Come e perché è nata questa startup?

L’idea di Fees (che in inglese significa spese) è stata pensata dalla necessità di risolvere un problema concreto: i due giovani, Paolo Pavesi e Matteo Mazzolari, infatti, andati ognuno a vivere per conto proprio, si erano trovati in difficoltà a gestire la mole di scontrini, ricevute e documenti fiscali che non finivano di propagarsi nelle tasche, nel portafogli e nei cassetti. Alcuni, poi, erano stati smarriti e poi ritrovati, altri si erano usurati, altri ancora erano proprio andati persi.

Come rimediare?

Abbiamo intervistato Paolo Pavesi: «Abbiamo voluto crearci un’app apposita, facile e veloce da utilizzare per tenere traccia delle nostre spese».

Così è stata progettata Fees, un’applicazione che, grazie a un algoritmo OCR sviluppato in machine learning, permette a privati, liberi professionisti, partite Iva e aziende strutturate di digitalizzare e gestire in modo semplice e organizzato tutte le spese in modo tale che siano sempre disponibili per qualsiasi uso, anche in caso di prova d’acquisto e della loro detraibilità.

Quindi, l’esigenza pratica di due amici che si erano conosciuti al Rotary di Cremona si è trasformata in un’idea di business.
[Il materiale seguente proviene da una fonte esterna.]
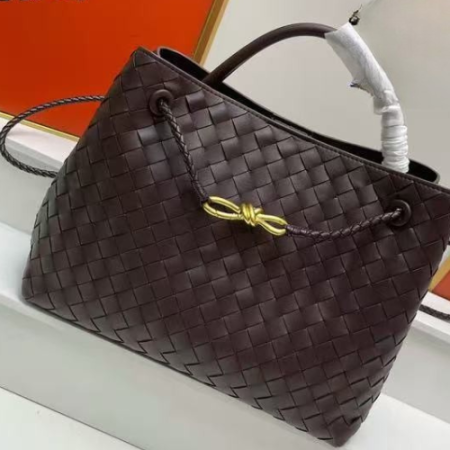 BV Small / Medium Andiamo Bag - Image 3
Qual è il primo passo da fare per chi sceglie Fees?

Fotografare ogni documento di spesa (in seguito è stato consentito anche scannerizzarlo) e inviarlo all’app; poi ci pensa l’algoritmo a digitalizzarlo mettendo ordine nel marasma cartaceo.

Inventare una piattaforma non è stato semplice. C’è voluto, infatti, del tempo ai nostri due protagonisti per chiarirsi le idee e progettare l’app. Andati a vivere da soli fuori casa, si trovavano tutte le sere nell’abitazione dell’uno o dell’altro, o camminavano per chilometri lungo il Po, a discutere su come eliminare il caos delle scartoffie.

Hanno fondato Fees il 15 febbraio del 2019

Conosciamo più da vicino questi due imprenditori. Paolo Pavesi, 34 anni, è figlio di agricoltori con la voglia di diventare imprenditore agricolo o, comunque, di fare impresa. Ha frequentato la facoltà di Ingegneria Meccanica al Politecnico di Milano, sede di Piacenza, iscrivendosi all’ultimo posto disponibile. Durante gli anni di università, studiava e lavorava nei campi.

«Mio padre mi spronava a non rimanere nell’azienda di famiglia e di lavorare “sotto gli altri” sia per provare nuove esperienze sia per capire sulla propria pelle che cosa significasse fare il dipendente». Dopo la laurea, ha trovato subito lavoro in un’azienda di automotive diventandone direttore generale.

Matteo Mazzolari, 30 anni, era uno studente del terzo anno del corso di laurea in Economia aziendale, indirizzo in Export management, facoltà di Economia e Giurisprudenza alla Cattolica di Cremona quando l’ufficio internazionale dell’ateneo gli ha proposto l’esperienza Work & Travel USA.
Non ci ha pensato due volte a far le valigie e, grazie a una borsa di studio dell’Università, ha lavorato per una scaleup di San Francisco scrivendo la sua tesi di laurea sul #softwareasaservice, cioè sul modello di business del Software come Servizio.

Quali sono i loro ruoli in Fees?
Paolo Pavesi è concentrato per lo più sulla parte amministrativa, analitica, sviluppo del prodotto e web marketing. Matteo Mazzolari è più focalizzato su product management e business development. Possono contare su un team di 8 persone dislocate tra Cremona, Dublino, Bari, Milano e Reggio Emilia. «Di persona, ci vediamo due volte l’anno» dice Pavesi. Hanno scelto di rimanere resident di Cobox di Cremona, ma hanno il loro Centro di sviluppo tecnologico a Torino, dove hanno un altro ufficio in I3P, ovvero nell’incubatore del Politecnico di Torino, dove sono stati selezionati e ammessi nel 2022.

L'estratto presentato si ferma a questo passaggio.